IN THE
TENTH COURT OF APPEALS
No. 10-09-00260-CR
CHRISTOPHER LEE PHILLIPS,
Appellant
v.
THE STATE OF TEXAS,
Appellee
From the 85th District Court
Brazos County, Texas
Trial Court No. 08-01833-CRF-85
MEMORANDUM OPINION
Christopher Lee Phillips was convicted of Injury to a Child and sentenced to 30
years in prison. See TEX. PENAL CODE ANN. §22.04(c) (West Supp. 2011). Because the
trial court did not err in denying Phillips’ challenges for cause and because we will not
change the scope of review for sufficiency of the evidence as established by the Court of
Criminal Appeals, the trial court’s judgment is affirmed.
CHALLENGES FOR CAUSE
In his first issue, Phillips contends the trial court erred in denying his challenges
for cause to two jury panelists, Ross Eckhardt and Mark Hartman. Specifically, he
contends that these two panelists were biased against him, in violation of article 35.16,
in that they could never believe a police officer would lie. See TEX. CODE CRIM. PROC.
ANN. art. 35.16(a)(9) (West 2006).
Preservation of Error
To preserve error for a trial court's erroneous denial of a challenge for cause,
appellant must show that: (1) he asserted a clear and specific challenge for cause; (2) he
used a peremptory challenge on the complained-of venire member; (3) his peremptory
challenges were exhausted; (4) his request for additional strikes was denied; and (5) an
objectionable juror sat on the jury. Davis v. State, 329 S.W.3d 798, 807 (Tex. Crim. App.

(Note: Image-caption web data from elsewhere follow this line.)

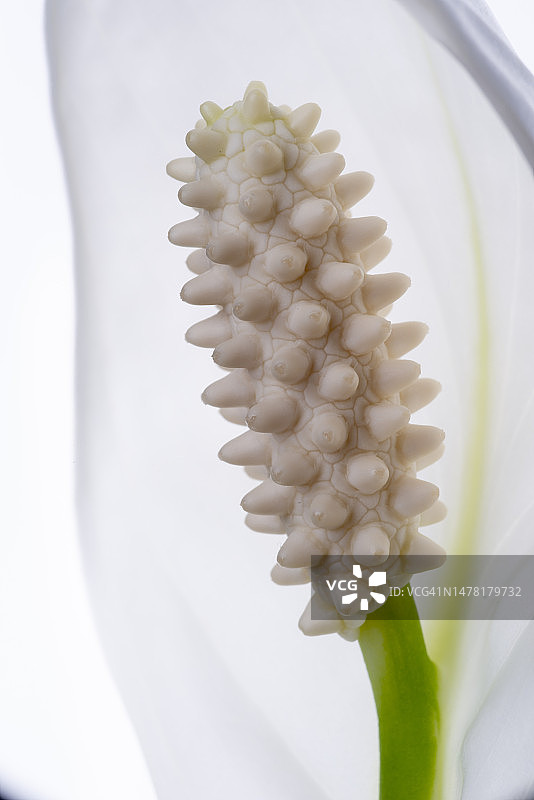 白色背景上的白色盘子特写，埃森，德国图片素材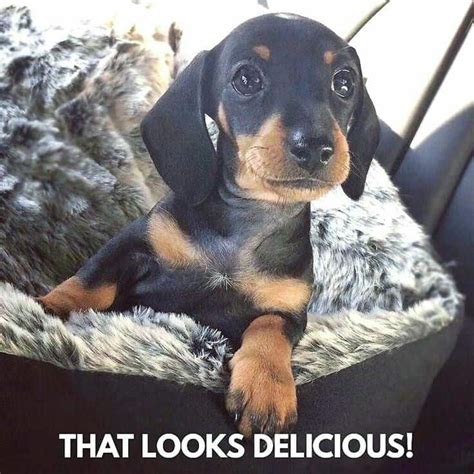 50 Funniest Beagle Memes Memegodcertified Doggypedia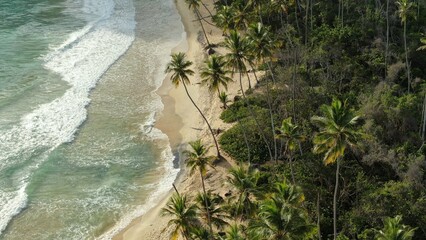 Venezuela perfect landscape waterfall beach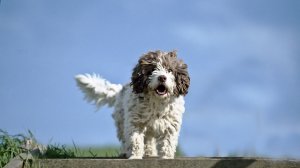 Ейск. Пропала Собака по кличке Дружок.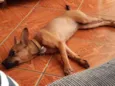Zoe
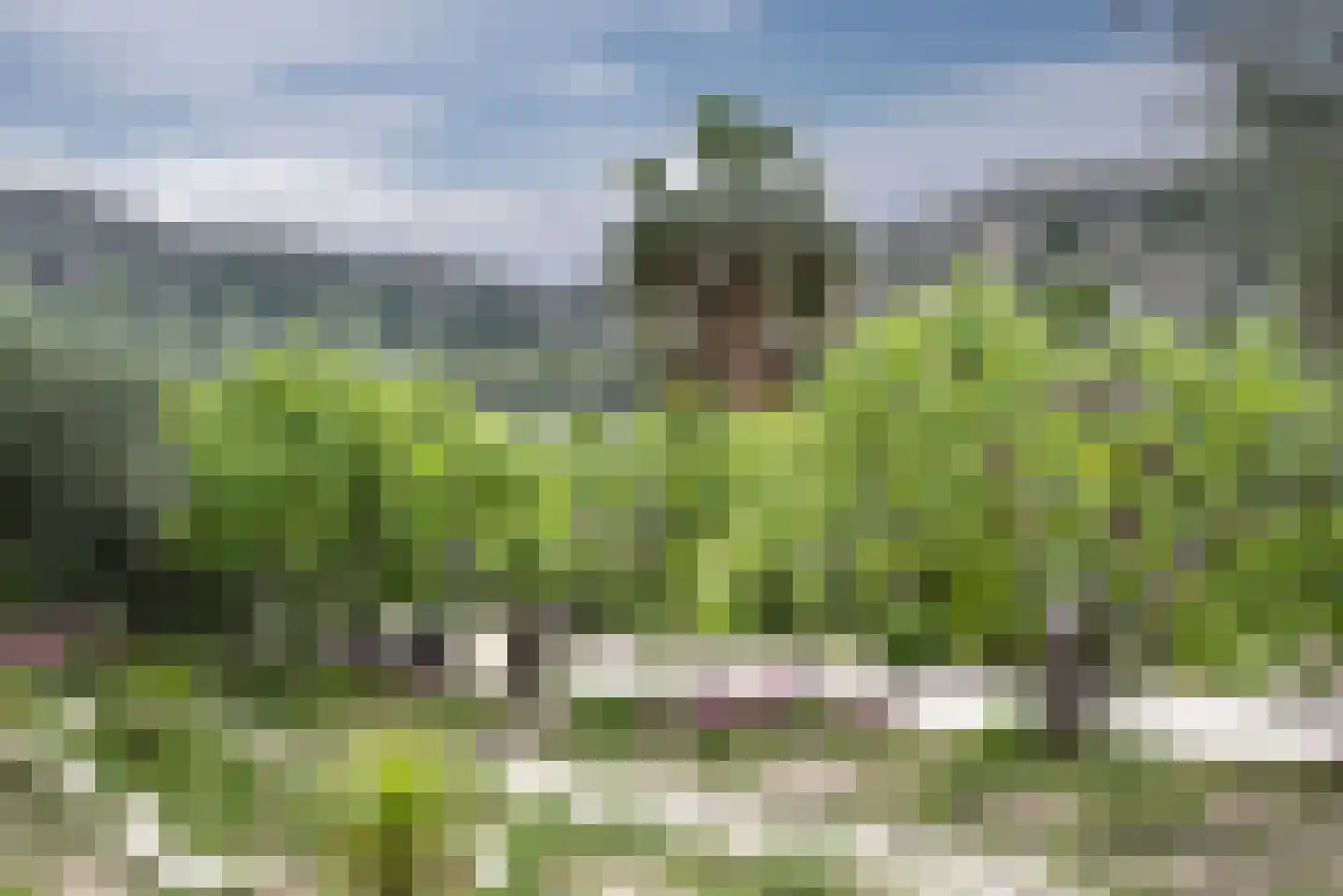 Viergrenzenweg 242 Vaals thumbnail 22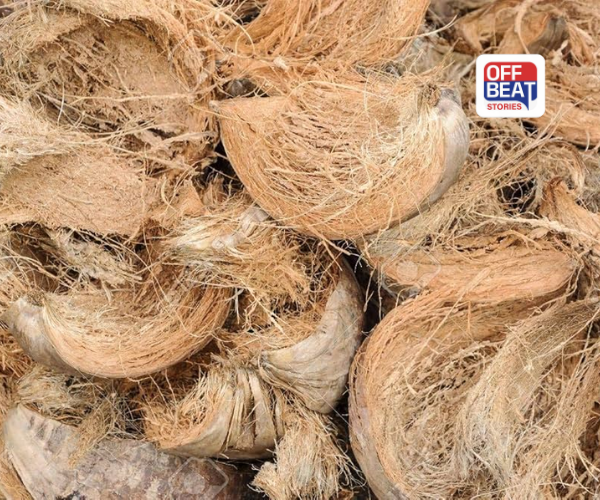 નાળિયેરની છાલને કચરો સમજી ફેંકવાની ભૂલ ન કરતા!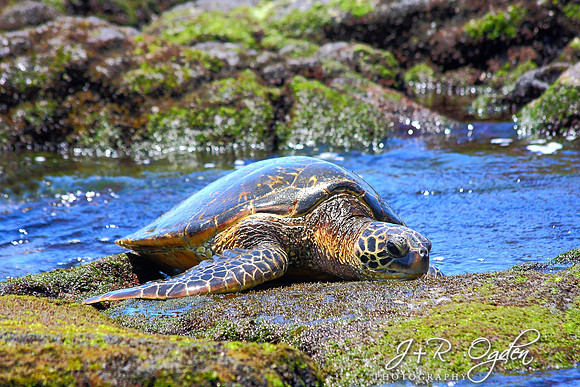 Hawaiian Green Sea Turtle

2010); Green v. State, 934 S.W.2d 92, 105 (Tex. Crim. App. 1996). The State concedes that
Phillips properly preserved error with respect to each challenged panelist.
Law
Article 35.16(a)(9) of the Code of Criminal Procedure requires that a prospective
juror be dismissed for cause when challenged if the juror “has a bias or prejudice in
favor of or against the defendant." TEX. CODE CRIM. PROC. ANN. art. 35.16(a)(9) (West
2006); Anderson v. State, 633 S.W.2d 851, 853 (Tex. Crim. App. 1982). Bias is an
inclination toward one side of an issue rather than to the other which leads to the
natural inference that a juror will not act with impartiality. Anderson, 633 S.W.2d at 853
(citing Compton v. Henrie, 364 S.W.2d 179 (Tex. 1963)).
When bias or prejudice are not established as a matter of law, the trial court has
discretion to determine whether bias or prejudice actually exists to such a degree that
the prospective juror is disqualified and should be excused from jury service. Id. at 853-
Phillips v. State Page 2
854. We look at the entire record when reviewing a trial court's decision to deny a
challenge for cause to determine if there is sufficient evidence to support the ruling.

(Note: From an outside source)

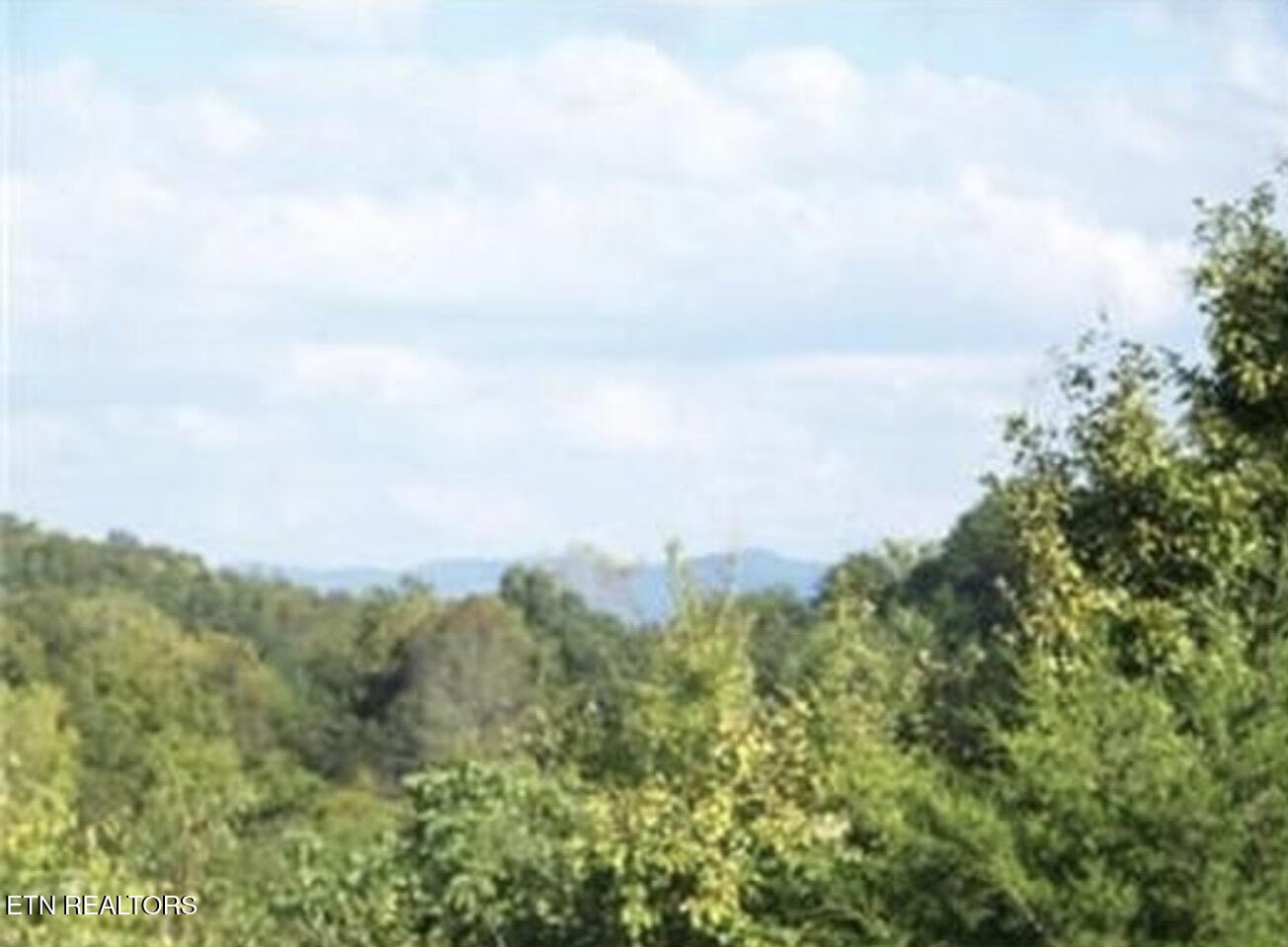 507 Peacock Way Parrottsville TN 37843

Davis, 329 S.W.3d at 807; Feldman v. State, 71 S.W.3d 738, 744 (Tex. Crim. App. 2002).
The test is whether a bias or prejudice would substantially impair the venire member's
ability to carry out the juror's oath and judicial instructions in accordance with the law.

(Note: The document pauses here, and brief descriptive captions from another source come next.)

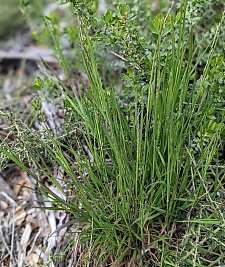 Melica californica  California melic grass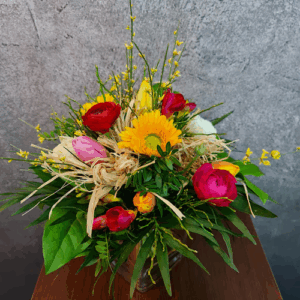 Allium Blumen
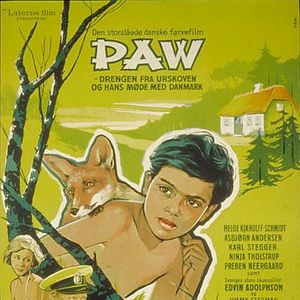 Foto Paw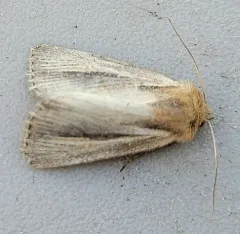 Brown-streaked Rustic Moth thumbnail 2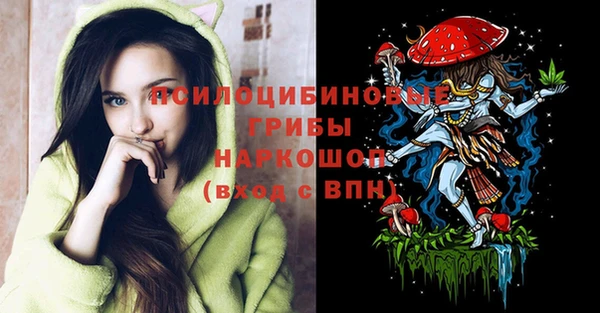 прущая мука Губаха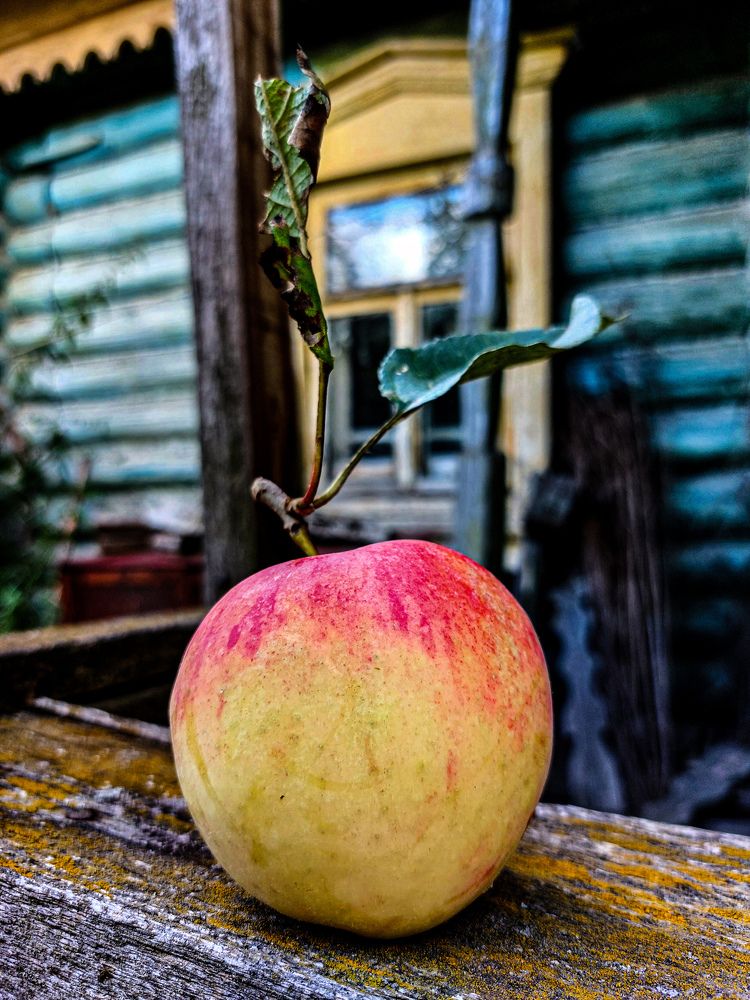Photograph by Елена Жеребцова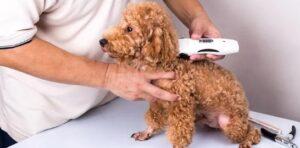 Can You Use Human Clippers On Dogs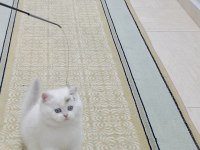 Erkek Ve Dişi British Shorthair Yavrular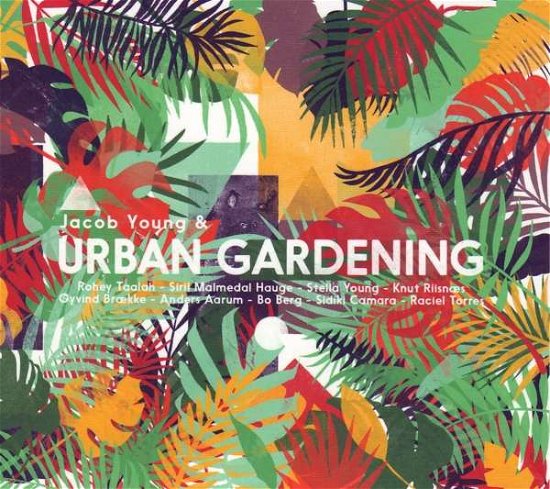 Jacob Young-urban Gardening - LP - Música - COAST - 7071750180277 - 22 de fevereiro de 2019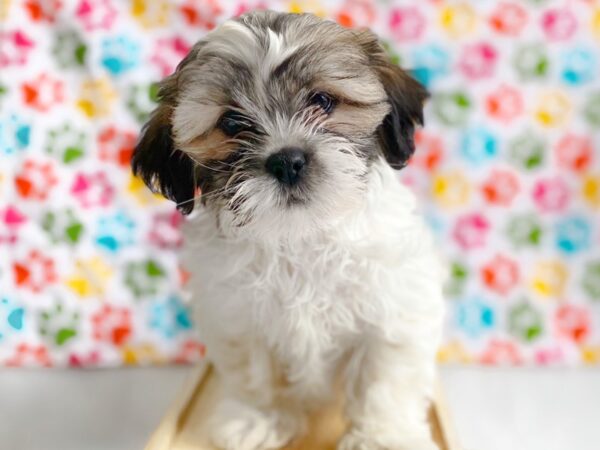 Teddy Bear-DOG-Male-Gold / White-1352-Petland Grove City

Davis, 329 S.W.3d at 807; Gardner v. State, 306 S.W.3d 274, 295 (Tex. Crim. App. 2009).
Before venire members may be excused for cause, the law must be explained to them,
and they must be asked whether they can follow that law, regardless of their personal
views. Id. The proponent of a challenge for cause has the burden of establishing that
the challenge is proper. Id. The proponent does not meet this burden until he has
shown that the venire member understood the requirements of the law and could not
overcome his or her prejudice well enough to follow the law. Id.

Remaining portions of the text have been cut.